Es la gran pregunta que nos habremos hecho muchos de cuantos desde fuera seguimos el martes la jornada de la Diada del martes en Barcelona, en la que el independentismo ha vuelto a protagonizar un año más –y van siete– una gran demostración de fuerza. ¿Hasta cuándo? O dicho de una forma que también ha empezado a circular: ¿quién pinchará este globo interminable? Porque alguien habrá de hacerlo.
Brillante escenografía. Cierto es, sin embargo, que los convocantes contaban en esta ocasión con una reivindicación añadida: los golpistas en prisión o en el autoexilio desde hace un año, cuya puesta en libertad y vuelta a casa es un anhelo no privativo de los soberanistas. Según un sentimiento entre ellos muy compartido tanto a derecha como a izquierda, a un catalán no se le toca.
¿Un millón de asistentes? El número es lo de menos. Lo notable es que una parte importante de la sociedad catalana está instalada ya en una desconexión real y que, en consecuencia, antes o después habrá que dar una salida al callejón en que la han metido unos gobernantes empecinados en un objetivo único y además imposible: independencia y República. ¿Ley y diálogo como propugna el Gobierno central? Sí, ¿pero hasta cuándo? ¿El diálogo va a ser eterno?
El problema es también que los asuntos de ordinaria administración están dejados de la mano de Dios; que hay, por tanto, mucho trabajo pendiente.
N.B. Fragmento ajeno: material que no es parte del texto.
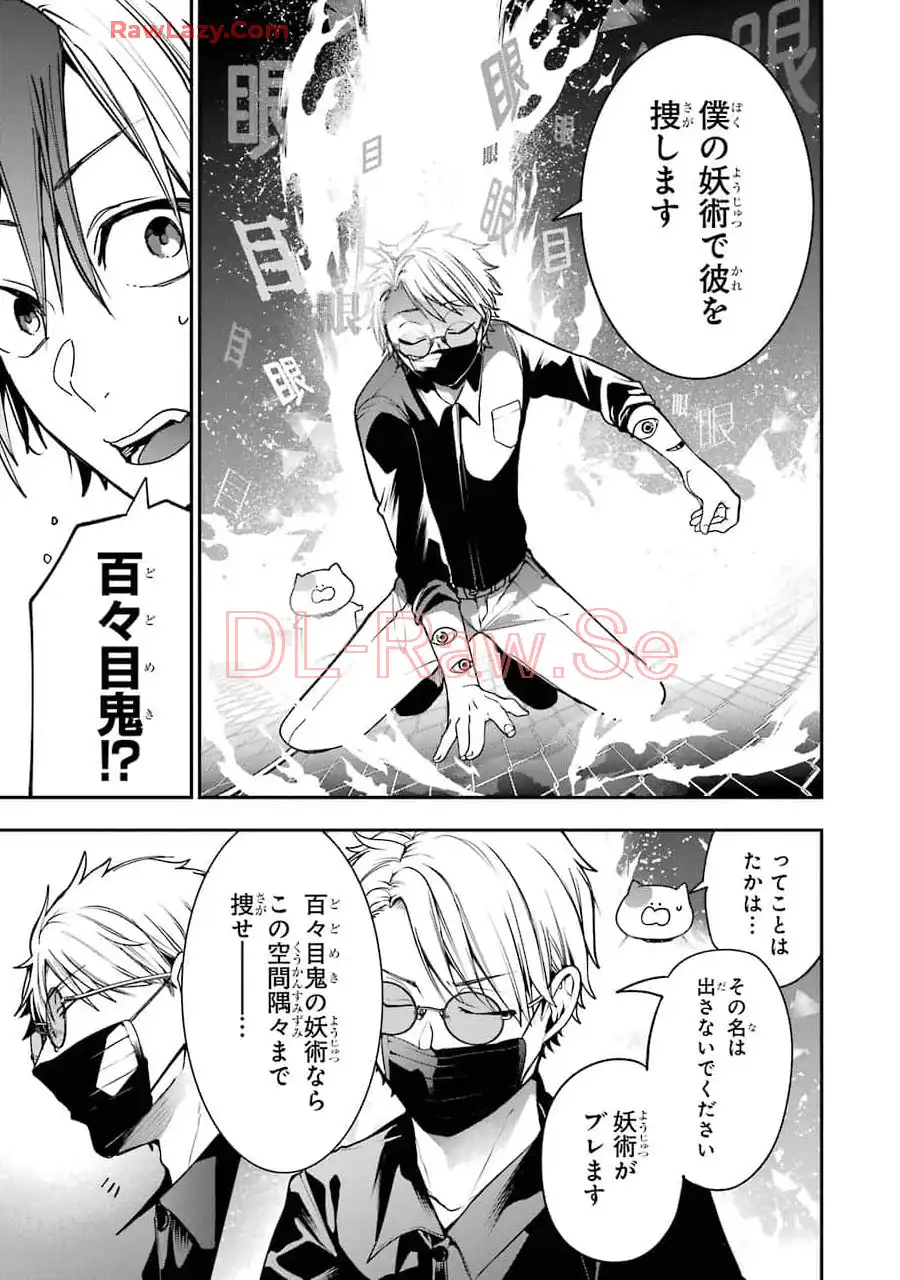 妖怪学校の先生はじめました！ - raw - 第10.6話 - https://jpgg.ffgg.to/JPGG/04120038/2zzg1znzq0p.webp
Un editorial del periódico allí de referencia, nada beligerante hacia el nacionalismo gobernante, le ponía hace poco al presidente Torra algunos ejemplos.
En sanidad Cataluña es, con 148 días, la comunidad con listas de espera para operarse más largas. En educación, la Generalidad sólo destina el 2,8 por ciento del PIB a tales menesteres, el porcentaje más bajo de Europa. También es la comunidad donde más tiempo hay que esperar para recibir una prestación de la ley de Dependencia.
En su epílogo a un recentísimo libro colectivo sobre el proceso soberanista, el hoy ministro Josep Borrell, personaje de referencia en el socialismo catalán, rezuma pesimismo. Lamentablemente –escribe- y a pesar del indudable cambio de talante que representa la llegada del nuevo Gobierno a Moncloa, no hay razones poderosas para el optimismo en el plano político o institucional. Tampoco las hay en el plano social en el que cada día que pasa se agudiza la creciente división en la sociedad catalana.
A su juicio, el clima de fraccionamiento civil propicia el surgimiento de escenas de enfrentamiento en el espacio público que anuncian que lo peor todavía puede estar por llegar; que en cualquier momento puede saltar una chispa que haga el juego a los partidarios de la escisión unilateral. Entre las dos mitades de la sociedad catalana y entre Cataluña y el resto de España el acuerdo –concluye– parece existencialmente imposible.
¿Pesimismo, realismo o ambas cosas a la vez?